Use site search data to find out what your visitors are looking for.
Navigation of web sites is mostly defined by the web designer. You arrive at the home page and click on one of the links that the web designer decided should be on the home page. You go to the next page and do the same thing, and so-on.
But what are your visitors really looking for when they arrive on your web site? The richest data comes from your search box. Your visitor’s searches are their unadulterated explanation of why they came to your site.
Google Analytics lets you dig into what your visitors search for regardless of which site search technology you have. Here’s a look at search data over the past few months on Lakeway.com:
These are the actual search terms people typed into my site, most likely because the visitors couldn’t immediately find what they were looking for. Many of the terms are similar, such as hotel and hotels, so you may need to parse them together to analyze.

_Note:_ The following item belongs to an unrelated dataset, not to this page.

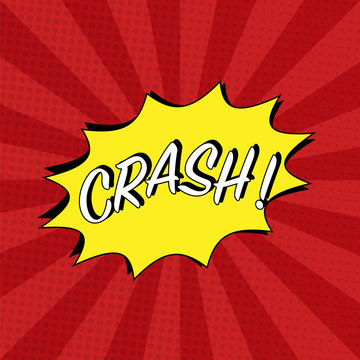 Crash comic cartoon in yellow colors with white cloud, halftone effects and rays. Explosion template. Pop-art style. Vector illustration eps10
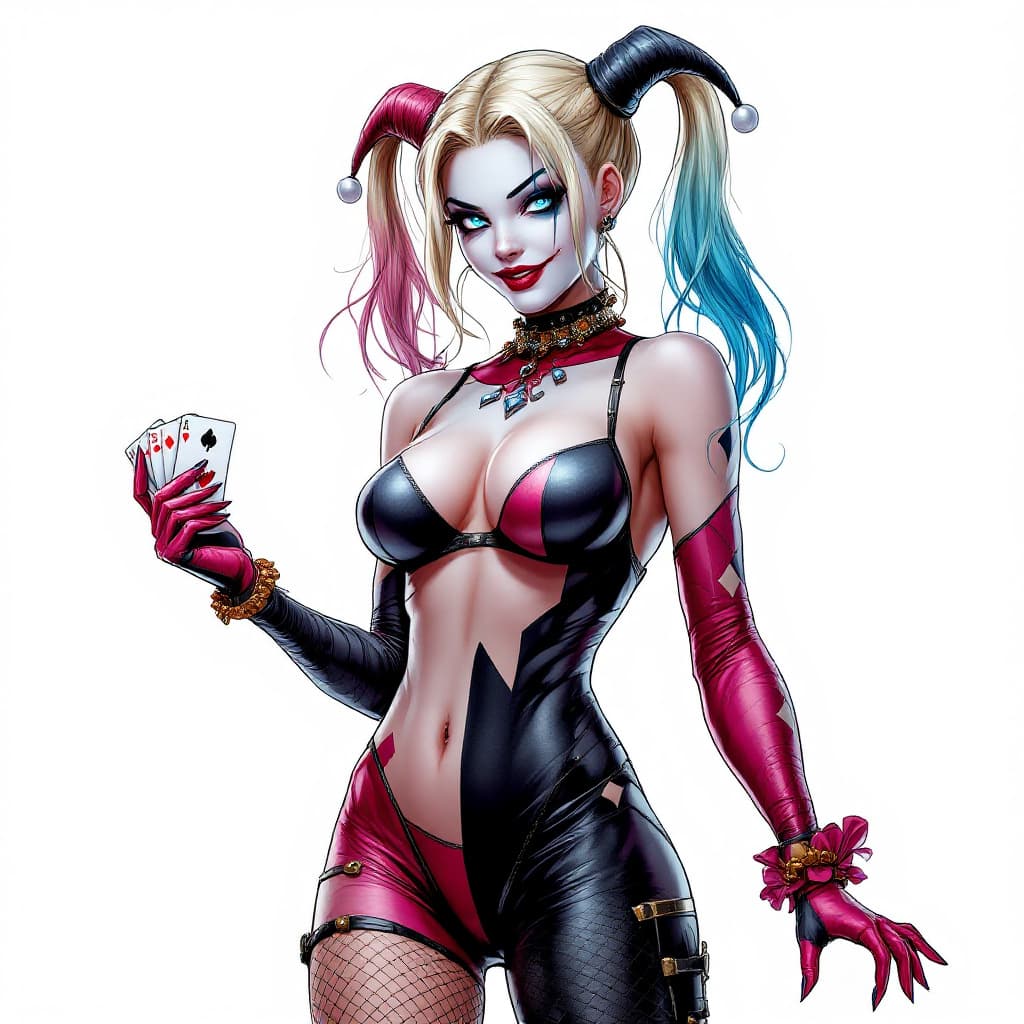 AI generated: 
Harley Quinn full body long shot,  with crystal blue eyes, pretty face,  sexy pose in  her  origin...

This data shows that many of the visitors to my site are looking for Lakeway hotels, and few can find that section. It’s probably placed too many levels deep on my site.
Search refinements is also interesting. It shows how many people ended up searching again after seeing the results. If the number is high for a particular keyword, then people aren’t finding what they’re looking for.

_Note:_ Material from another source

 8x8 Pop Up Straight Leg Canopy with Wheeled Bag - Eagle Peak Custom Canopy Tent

I’m also surprised to see people searching for employment on the site. Lakeway is more of a residential community, but this shows me there may be some potential for a jobs section on the site.
I have more extensive search data on Domain Name Wire. Since the middle of March people have used the DNW.com search box 3,388 times. The top search term is surprising: “Parava”, searched for 275 times.

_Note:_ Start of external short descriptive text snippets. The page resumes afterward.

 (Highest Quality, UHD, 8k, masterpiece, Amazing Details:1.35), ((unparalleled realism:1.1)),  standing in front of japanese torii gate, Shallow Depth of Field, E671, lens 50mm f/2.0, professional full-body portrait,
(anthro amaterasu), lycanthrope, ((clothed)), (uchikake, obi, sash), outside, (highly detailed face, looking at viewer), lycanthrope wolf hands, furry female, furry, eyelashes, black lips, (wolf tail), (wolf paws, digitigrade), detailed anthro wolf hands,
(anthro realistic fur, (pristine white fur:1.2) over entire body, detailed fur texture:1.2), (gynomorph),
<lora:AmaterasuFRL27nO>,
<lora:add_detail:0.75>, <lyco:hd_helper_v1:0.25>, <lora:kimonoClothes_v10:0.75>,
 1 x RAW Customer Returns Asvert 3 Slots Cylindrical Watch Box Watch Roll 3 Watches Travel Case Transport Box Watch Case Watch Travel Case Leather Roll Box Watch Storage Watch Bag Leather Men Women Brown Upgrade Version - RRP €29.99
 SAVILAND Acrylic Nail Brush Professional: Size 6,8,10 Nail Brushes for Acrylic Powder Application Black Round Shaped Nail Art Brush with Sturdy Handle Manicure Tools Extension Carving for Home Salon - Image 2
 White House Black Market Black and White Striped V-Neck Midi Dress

This has to do with Parava’s de-accreditation and the subsequent transfer of domains to Hover.com. I wrote several articles about the transfer and what was going on. Many of the visitors to DNW probably arrived at one article and wanted to see other coverage. Perhaps I should have placed a notice at the top of the page “Looking for updated info about Parava transfers? Click here.”
The other top terms are VeriSign, GoDaddy, .tel, and global warming. Yes, global warming. You didn’t know DNW covered global warming? I’ll send a free copy of David Kesmodel’s “The Domain Game” to the first person who comments on why so many people are searching for “global warming” on DNW.
Jake says
Because if glbal warming continues, and Tuvalu becomes covered in water, .TV will be gone!
Andrew Allemann says
Jake wins! Jake, please email your address to me at editor (at) domainnamewire.com.
Anon says
Maybe those searches emanate from bots, or as a result from an attack vector? Kind of strange though.. check your raw logs.